There's just one thing he cannot pull off, despite repeated attempts: Jillette can't stop baiting fellow magician David Copperfield. After hearing a few weeks back that Copperfield planned a new bit of magic — impregnating a woman on stage without sex — Jillette's mouth reflexively engaged.

"And I said, `Isn't it sad that's the only way he can think of?'" Jillette recalled. "And the second I said it, I'm going, `Oh, God.'"

Copperfield was angry. Jillette was apologetic. Teller, though amused, was silent.

And then Jillette moved on to something he found much easier: making an 800-ton submarine disappear from the bottom of the ocean, one of the anchoring acts in their two-hour NBC special "Off the Deep End" at 7 p.m. EST Sunday.

It's the first network special in eight years for the mismatched duo, although Penn warns there's nothing significant about the length of their absence.

"We don't have a master plan," said Penn, the boisterous 6-foot-6 half of the act. "Madonna has a master plan. I think 50 Cent has a master plan ... We don't."

Jillette and the slighter, soft-spoken Teller are in the restaurant of a midtown Manhattan hotel, explaining how their idea for a magic show done completely underwater will finally surface.

"It's an idea we'd had for 15 years," explained Jillette. "But the technology did not catch up with us until the last couple of years, when we could have enough cameras safely enough underwater that it would look as great as we thought it would."

The special was filmed over three weeks off the Bahamas, although neither Jillette nor Teller brought fond memories back to the mainland.

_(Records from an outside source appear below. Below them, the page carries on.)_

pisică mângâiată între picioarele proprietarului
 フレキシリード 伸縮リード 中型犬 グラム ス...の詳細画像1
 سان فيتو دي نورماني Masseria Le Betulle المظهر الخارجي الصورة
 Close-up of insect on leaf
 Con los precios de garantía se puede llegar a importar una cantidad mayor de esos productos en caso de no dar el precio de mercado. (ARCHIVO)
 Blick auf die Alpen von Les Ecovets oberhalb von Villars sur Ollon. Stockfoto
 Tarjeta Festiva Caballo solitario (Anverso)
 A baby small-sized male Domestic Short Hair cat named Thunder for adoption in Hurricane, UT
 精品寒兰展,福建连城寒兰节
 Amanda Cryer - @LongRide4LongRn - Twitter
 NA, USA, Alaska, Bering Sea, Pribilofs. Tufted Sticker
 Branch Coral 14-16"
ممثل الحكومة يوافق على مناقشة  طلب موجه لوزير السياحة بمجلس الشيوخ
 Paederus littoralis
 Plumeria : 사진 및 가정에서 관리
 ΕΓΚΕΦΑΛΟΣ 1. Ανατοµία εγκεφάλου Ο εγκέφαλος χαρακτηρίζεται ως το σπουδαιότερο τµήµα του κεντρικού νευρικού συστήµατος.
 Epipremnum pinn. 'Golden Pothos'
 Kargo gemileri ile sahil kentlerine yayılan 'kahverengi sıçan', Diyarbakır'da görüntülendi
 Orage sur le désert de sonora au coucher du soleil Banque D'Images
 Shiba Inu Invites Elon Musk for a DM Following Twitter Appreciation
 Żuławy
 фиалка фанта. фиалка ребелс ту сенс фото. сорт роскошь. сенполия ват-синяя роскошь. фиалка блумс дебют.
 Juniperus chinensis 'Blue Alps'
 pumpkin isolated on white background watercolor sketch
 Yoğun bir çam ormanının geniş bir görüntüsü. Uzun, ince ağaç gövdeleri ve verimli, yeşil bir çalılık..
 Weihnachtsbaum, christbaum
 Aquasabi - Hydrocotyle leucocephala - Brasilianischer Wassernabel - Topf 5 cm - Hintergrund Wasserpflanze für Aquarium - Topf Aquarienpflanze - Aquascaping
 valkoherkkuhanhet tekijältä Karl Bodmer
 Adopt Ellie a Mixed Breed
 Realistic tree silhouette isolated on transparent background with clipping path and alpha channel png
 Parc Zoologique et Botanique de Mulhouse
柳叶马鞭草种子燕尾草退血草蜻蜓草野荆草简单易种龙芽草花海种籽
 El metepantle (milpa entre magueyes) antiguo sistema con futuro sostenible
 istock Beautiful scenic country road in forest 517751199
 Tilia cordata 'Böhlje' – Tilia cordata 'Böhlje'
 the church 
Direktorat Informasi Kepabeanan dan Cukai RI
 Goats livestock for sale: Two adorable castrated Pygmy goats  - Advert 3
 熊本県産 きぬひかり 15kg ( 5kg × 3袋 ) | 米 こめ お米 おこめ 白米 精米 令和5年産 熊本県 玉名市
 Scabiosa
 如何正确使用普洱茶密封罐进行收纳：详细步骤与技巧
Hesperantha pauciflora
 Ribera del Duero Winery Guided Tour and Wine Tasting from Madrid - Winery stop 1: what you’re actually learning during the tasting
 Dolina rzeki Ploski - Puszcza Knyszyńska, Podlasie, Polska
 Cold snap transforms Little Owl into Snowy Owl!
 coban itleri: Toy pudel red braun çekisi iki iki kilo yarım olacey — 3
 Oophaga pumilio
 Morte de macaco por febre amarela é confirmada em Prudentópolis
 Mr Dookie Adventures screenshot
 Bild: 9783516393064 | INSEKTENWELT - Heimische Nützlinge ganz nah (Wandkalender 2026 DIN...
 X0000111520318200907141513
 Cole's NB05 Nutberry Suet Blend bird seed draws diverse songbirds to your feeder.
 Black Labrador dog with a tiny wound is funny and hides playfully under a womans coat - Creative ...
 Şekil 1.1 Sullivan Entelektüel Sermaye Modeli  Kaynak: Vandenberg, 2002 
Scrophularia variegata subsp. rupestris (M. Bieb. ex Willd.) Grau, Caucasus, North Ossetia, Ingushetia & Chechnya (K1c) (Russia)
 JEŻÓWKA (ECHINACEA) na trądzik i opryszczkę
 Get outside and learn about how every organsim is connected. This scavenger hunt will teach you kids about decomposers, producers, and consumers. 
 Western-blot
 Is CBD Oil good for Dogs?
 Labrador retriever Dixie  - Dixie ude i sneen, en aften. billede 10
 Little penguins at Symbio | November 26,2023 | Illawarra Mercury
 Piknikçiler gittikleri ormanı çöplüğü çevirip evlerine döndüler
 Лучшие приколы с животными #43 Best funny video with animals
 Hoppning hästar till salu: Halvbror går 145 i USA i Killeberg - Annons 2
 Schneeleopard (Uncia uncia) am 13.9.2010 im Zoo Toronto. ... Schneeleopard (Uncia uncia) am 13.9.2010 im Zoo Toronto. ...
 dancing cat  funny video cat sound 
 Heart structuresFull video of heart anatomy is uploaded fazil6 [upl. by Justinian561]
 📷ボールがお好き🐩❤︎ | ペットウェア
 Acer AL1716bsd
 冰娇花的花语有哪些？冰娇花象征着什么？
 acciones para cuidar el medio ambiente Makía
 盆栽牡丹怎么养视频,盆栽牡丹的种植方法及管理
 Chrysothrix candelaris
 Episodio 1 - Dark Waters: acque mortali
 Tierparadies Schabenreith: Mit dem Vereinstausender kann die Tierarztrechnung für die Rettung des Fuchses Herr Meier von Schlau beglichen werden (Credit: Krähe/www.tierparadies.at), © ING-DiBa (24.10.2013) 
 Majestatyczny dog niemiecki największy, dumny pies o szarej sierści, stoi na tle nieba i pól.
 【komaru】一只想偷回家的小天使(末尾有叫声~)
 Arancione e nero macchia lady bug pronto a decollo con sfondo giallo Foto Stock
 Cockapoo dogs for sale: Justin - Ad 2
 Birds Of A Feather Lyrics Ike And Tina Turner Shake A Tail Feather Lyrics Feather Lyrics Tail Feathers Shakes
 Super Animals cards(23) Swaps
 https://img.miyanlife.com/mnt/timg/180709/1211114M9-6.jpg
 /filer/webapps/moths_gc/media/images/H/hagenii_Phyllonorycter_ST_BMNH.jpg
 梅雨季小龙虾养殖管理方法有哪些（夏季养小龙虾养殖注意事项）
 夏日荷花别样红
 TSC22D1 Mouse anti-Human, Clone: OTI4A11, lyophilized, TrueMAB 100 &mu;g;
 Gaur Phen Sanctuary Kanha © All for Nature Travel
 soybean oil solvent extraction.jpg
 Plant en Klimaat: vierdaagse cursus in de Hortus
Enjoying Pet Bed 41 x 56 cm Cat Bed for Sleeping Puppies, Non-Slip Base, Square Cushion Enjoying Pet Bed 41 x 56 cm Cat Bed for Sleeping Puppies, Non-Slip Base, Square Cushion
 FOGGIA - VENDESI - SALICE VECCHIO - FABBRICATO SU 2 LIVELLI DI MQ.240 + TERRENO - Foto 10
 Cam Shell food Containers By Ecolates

Shooting was done between 5 p.m. and 5 a.m. to avoid conflict with the tourist trade. And the tropical weather was less than kind.

"Sweaty, rainy, insect-filled, miserable, drowning," summarized Jillette, while Teller said it was the most physically demanding work of his career.

"In the real world, if you want to turn to your right, you just turn to your right," Teller said. "Underwater, it takes five minutes. You get in there, and you find out nothing you envision is going to work."

After 30 years as a team, they're hardly sentimental.

"It's a business partnership," Jillette said. "And I think we do better stuff together than we do separately. It's very easy — we have the same values and morality. ... I think the nice thing is we care about the show more than we care about each other."

Teller, the measured antithesis of Jillette's jacked-up carny persona, offered a gentler but similar assessment: "You know, we have separate houses. Close enough that we can drive to one another's house if we need to."

The pair are two-time Emmy winners (including one for their current Showtime program). Their regular gig is six shows a week, 46 weeks a year, at the Rio All-Suite Hotel & Casino in their home base of Las Vegas; Penn and Teller are booked there through 2010.

The special, typically, will include Penn and Teller revealing the methods behind their magical madness. Letting the audience in on the tricks is a staple of their act from its earliest days.

"Every other magician says, `We're over here and you're there, and we're supposed to try and fool you because you're idiots,'" Jillette explained. "We've never done that. We've always tried to be on the same side of the audience.

"It's kind of treating people as adults. Or friends."

Which bring things back to Copperfield, a Jillette pal for 20 years. Jillette quickly admitted that he has repeatedly promised Copperfield a verbal cease-fire, and inevitably failed to follow through.

"Please print that I promised him I wouldn't do it," Jillette said. "I feel awful about it. I wish I hadn't done it."

There's a breath and a pause before Jillette finished his thought.

"As much as I wish I hadn't done it, if I could go back in time and you could set me up again ... I know I would say the same thing."